CRÔNICA DE NATAL

Talvez a minha lembrança mais remota seja eu quebrando um enfeite da árvore de Natal da minha casa, e o estridente berro de minha mãe que, pacientemente, havia me orientado a não mexer... mas considerando a minha natureza destemida e sem-noção, típica da idade imberbe, o que significavam aquelas palavras ???

Mas a bronca, assustadora e intimidadora, era inteligível por qualquer espécie... até os animais de minha casa se escondiam quando minha mãe perdia a paciência com algo. A primeira preocupação dela era que eu não me machucasse - eu estava descalço, e ao meu redor dezenas de cacos de vidro estavam espalhados.

Minha mãe, naquela época, tinha limitações severas por causa de um problema na coluna... mas mesmo assim, me pegou no colo... não recordo se, após essa oportunidade, ela me pegou novamente.

Mas voltando para a árvore e o presépio, para uma criança era simplesmente encantador aquelas bolas e personagens que compunham o cenário... tinha vontade de brincar com o Menino Jesus, e as ovelhas, burricos e bovinos...

Com o passar dos anos, a montagem da árvore e do presépio acabou se tornando a tradição familiar mais sólida em meu lar, tirando os rituais tradicionais de passagem - aniversários e Ano-Novo. Mais do que o local onde os presentes ficavam acondicionados, à espera da meia-noite, era aonde celebrávamos o nascimento de Jesus, com cântigos e a leitura da Bíblia.

E essa foi uma tradição inalterada até meu primeiro casamento, quando eu passei a frequentar a casa dos meus sogros... não preciso comentar que eu estranhei a ausência da formalidade. Mas minha vida foi assim...

Poucos anos depois, meu pai faleceu... aquele que colocava no topo da árvore de Natal o capitão - uma peça delicada dourada em forma de ponteira, e a estrela de Natal, que nada mais era que um papelão em formato de estrela do mar, recoberta com algum material rudimentar que lembrava o glitter.

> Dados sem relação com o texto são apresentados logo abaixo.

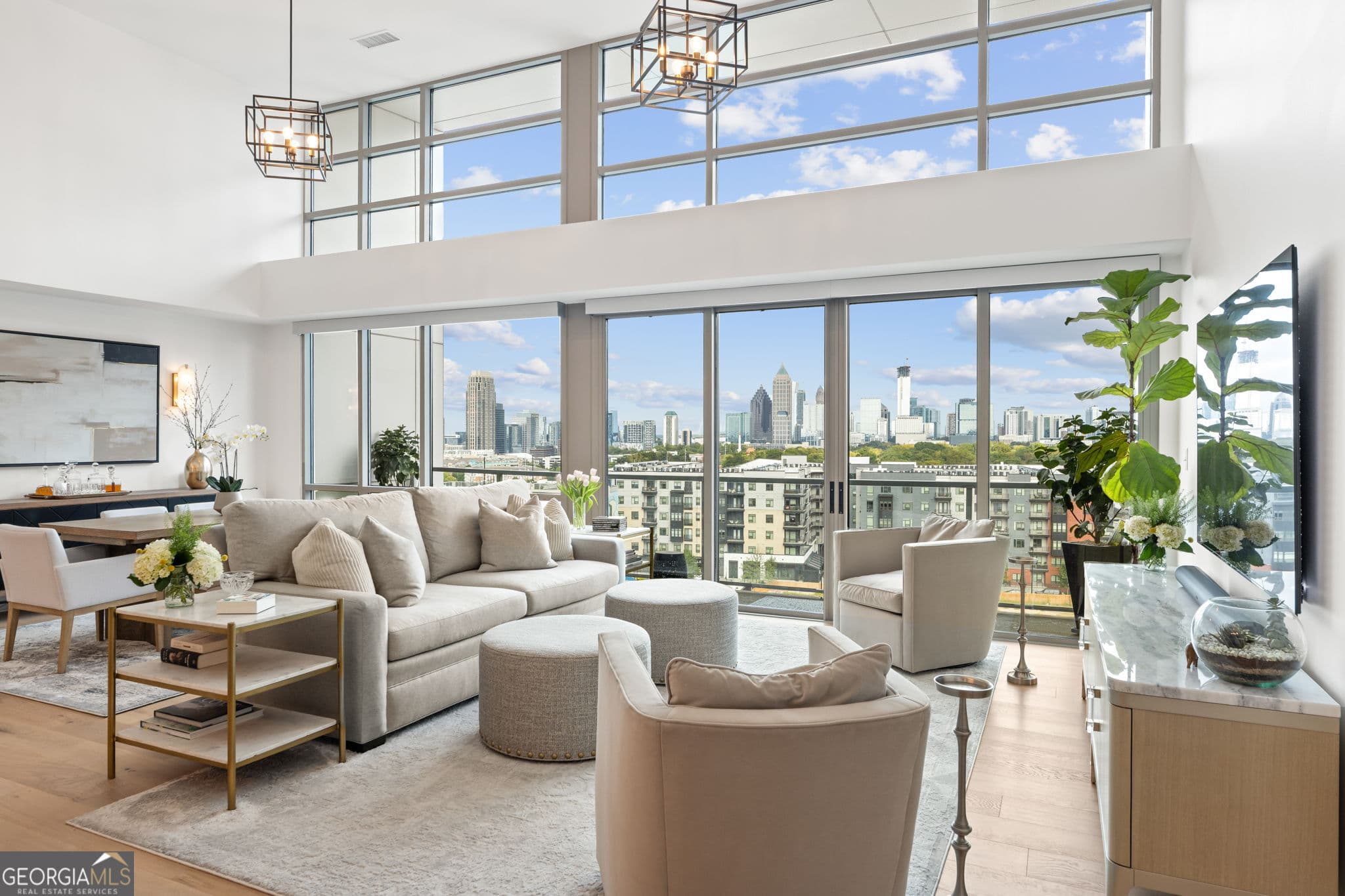 1100 Howell Mill Nw Rd 910 — photo 1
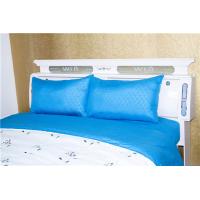 Buy cheap Embossed 4pcs Sheet Set Microfiber Bedding Set product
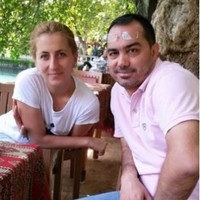 Deniz Cemgil Gençdal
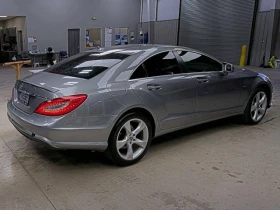 Mercedes-Benz CLS 500 AMG* PACK* * * * *  | Mobile.bg    3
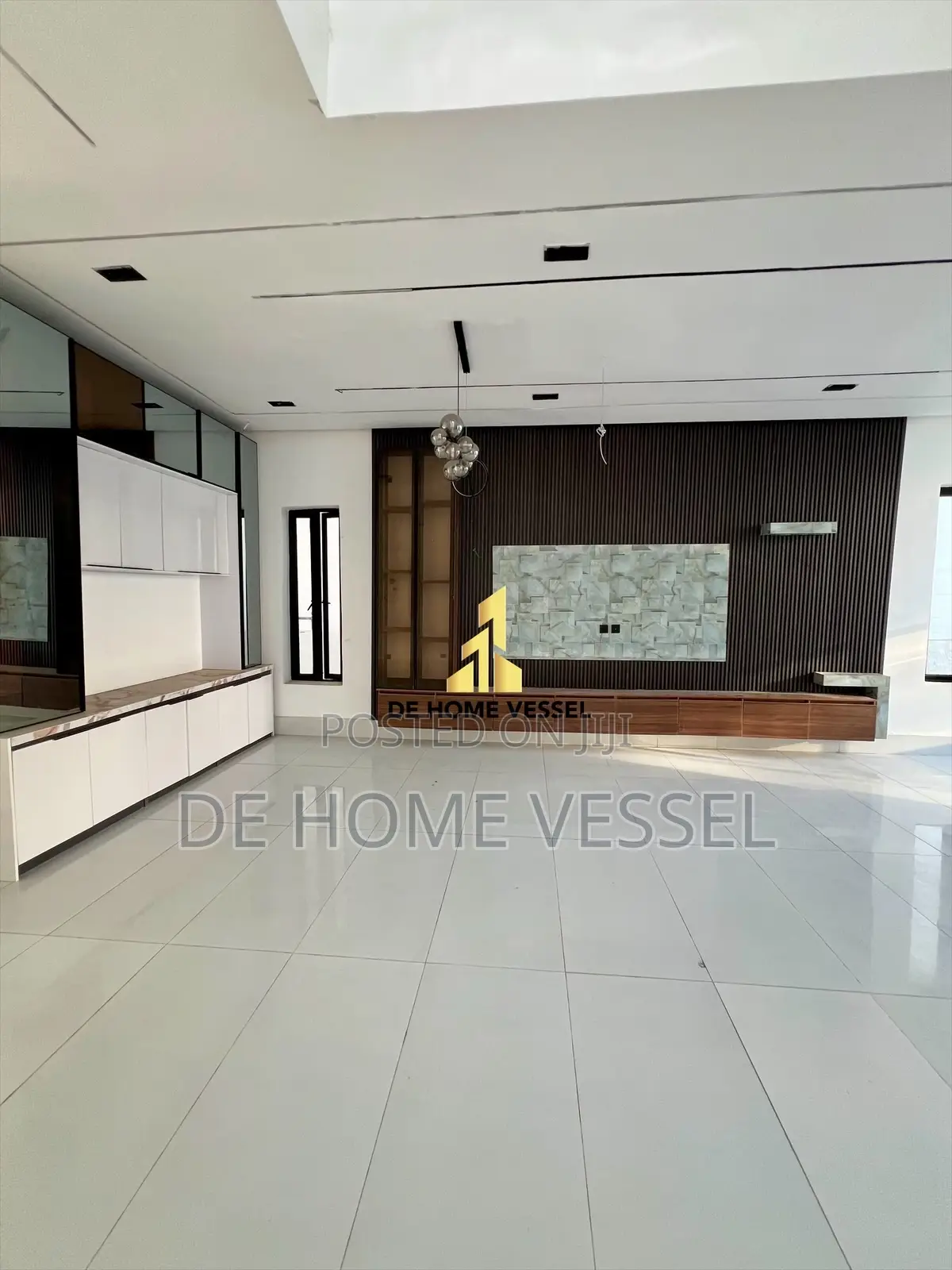 5bdrm Duplex in Ajah for sale in Ajah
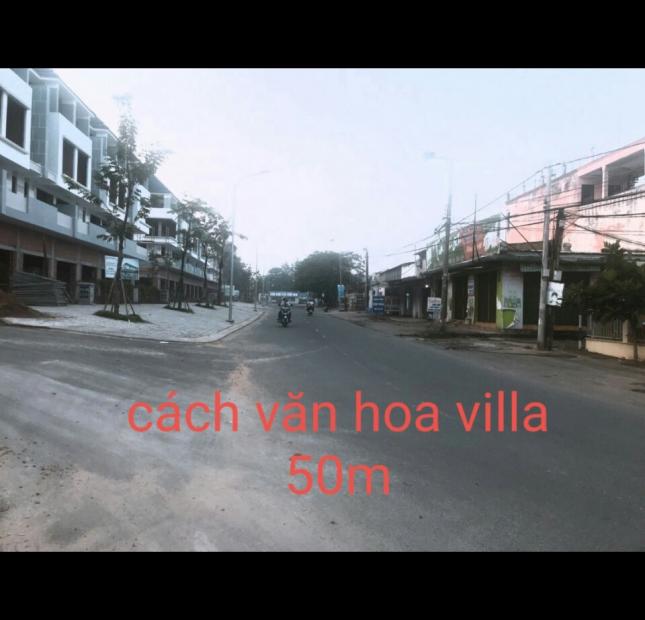Nhà mặt tiền (17x4)kinh doanh buôn bán Nguyễn Văn Hoa 2 tỷ 800 Thương lượng LH 0795881457
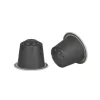 Brasile 100 capsules en aluminium pour Nespresso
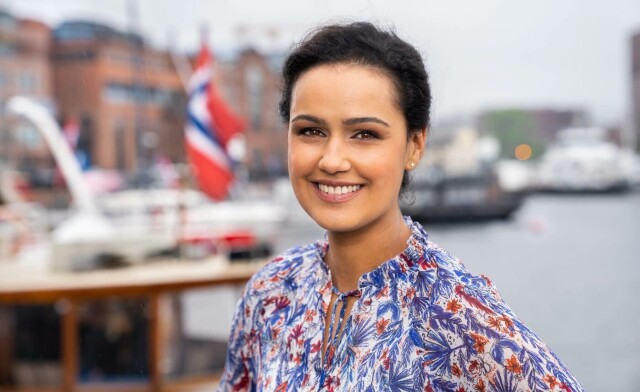Espen Solli / TV 2 hovedbilde
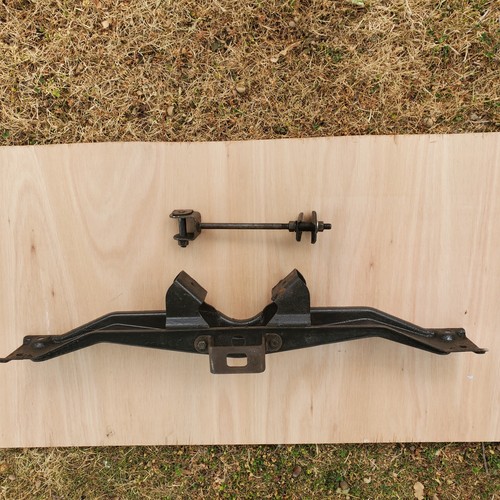 Mgb gearbox cross - cross, from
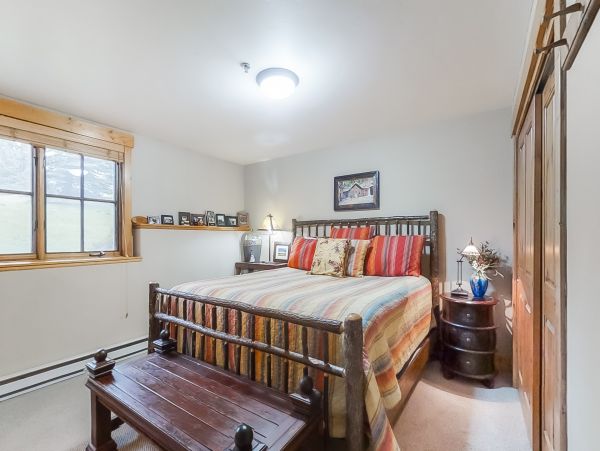 Steamboat Springs Home 1020169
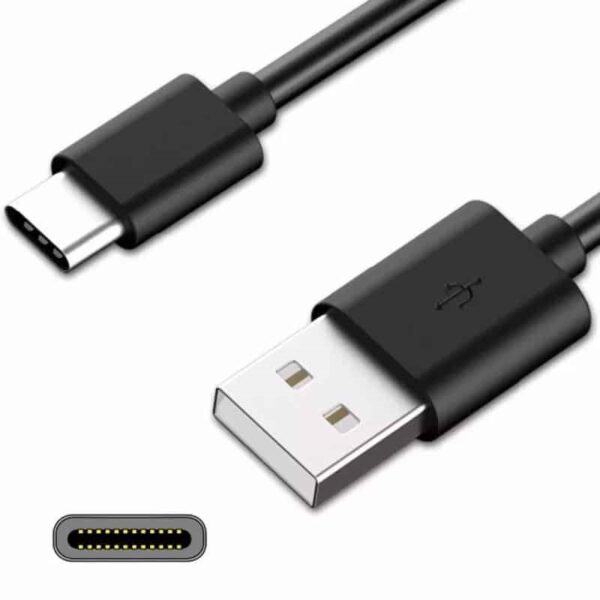 CABLE LOGITECH 939-001802 25M USB MACHO A TIPO C MACHO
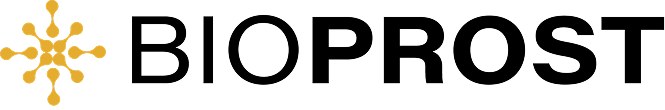 BioProst Logo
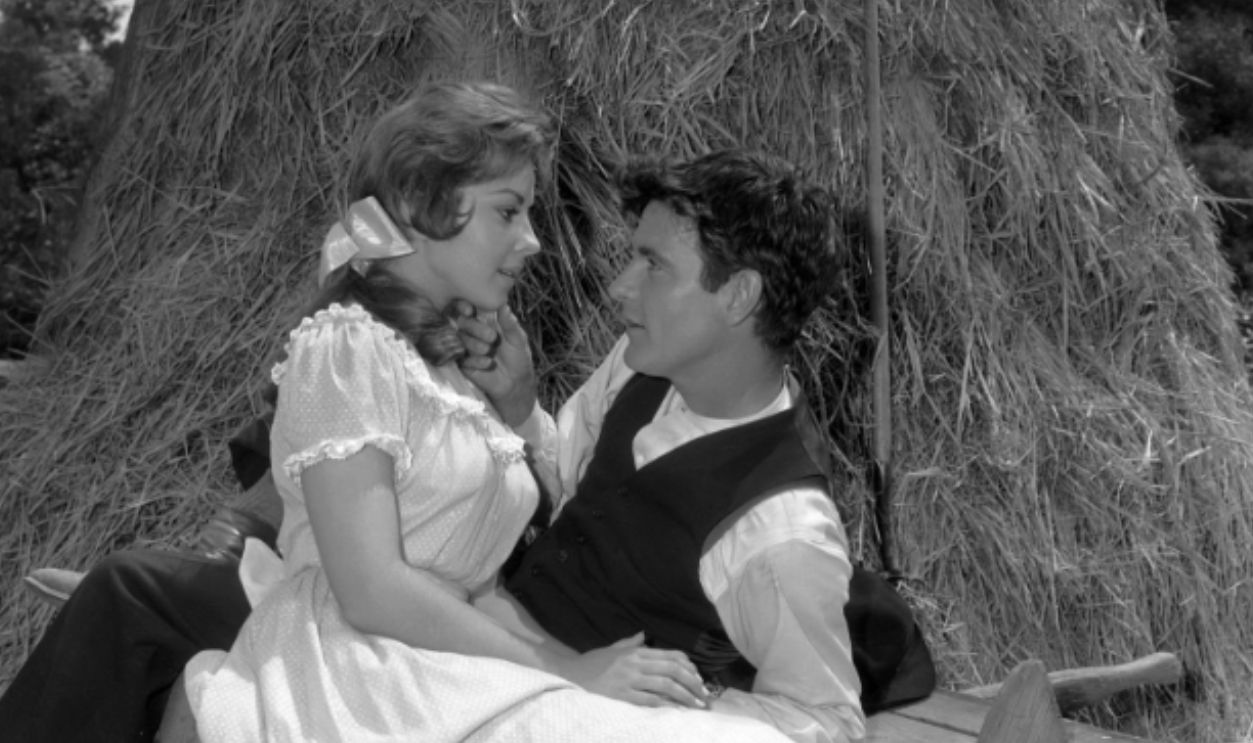 LOS ANGELES - JULY 18: TWILIGHT ZONE: episode:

Mesmo diante da ausência, continuamos a montar a árvore de natal e o presépio... até mesmo por que tínhamos um legado - minhas filhas mais velhas. E mesmo não sendo a mesma coisa, fingíamos que nada tinha mudado... era uma tradição. E mais: minha mãe fazia questão de mantê-la.

Após a morte da minha mãe, as peças de Natal ficaram comigo... durante mais alguns anos eu continuei a montar a árvore e o presépio... mas não obtive o mesmo sucesso... fracassei.

Nesse ano, é a primeira vez que eu não monto nenhuma espécie de árvore de Natal... confesso que sinto tristeza e melancolia por não poder reviver mais a mesma euforia dos preparativos, e o orgulho de ver uma "obra pronta"... de acender as luzes pisca-pisca e de cantar "Noite Feliz" e "Bate o sino".

Eu tenho consciência de que não posso impor tradições para as minhas filhas, mas somente mostrar e esperar que elas sigam... e respeitar suas opiniões, caso não queiram. É a única forma legítima de permanecer impondo a autoridade paterna.

Provavelmente, se elas tivessem a oportunidade de integrar, como eu, aquele espírito natalino familiar, pudessem compreender as minhas tentativas frustradas... nem vou entrar na questão espiritual e religiosa acerca da data, mas sim na comunhão familiar... um momento em que eu, minha irmã e meus pais se reuniam...

Hoje eu compreendo por que minha mãe gritou comigo quando quebrei a peça, mesmo eu não tendo o menor discernimento de perigo: não foi um enfeite que eu quebrei, mas sim um elemento que compunha o símbolo de união familiar - e claro, ela ficou com receio que eu me cortasse...

Hoje, eu não digo que perdi o encanto com o Natal, mas sim que o tempo passou e aqueles momentos ficaram no pretérito. Lembrar deles já foi muito mais doloroso, mas hoje é apenas triste.

Nem toda história necessita de uma moral, mas vou aproveitar para dar um conselho: mais do que as festividades em si, existem pequenos momentos que se instalam em nosso superego, e que acabam permeando nossas personalidades e, consequentemente, nossas condutas. A simbologia da árvore de Natal e do presépio significou muito para mim... como eu disse, é uma pena que não consegui levar para frente.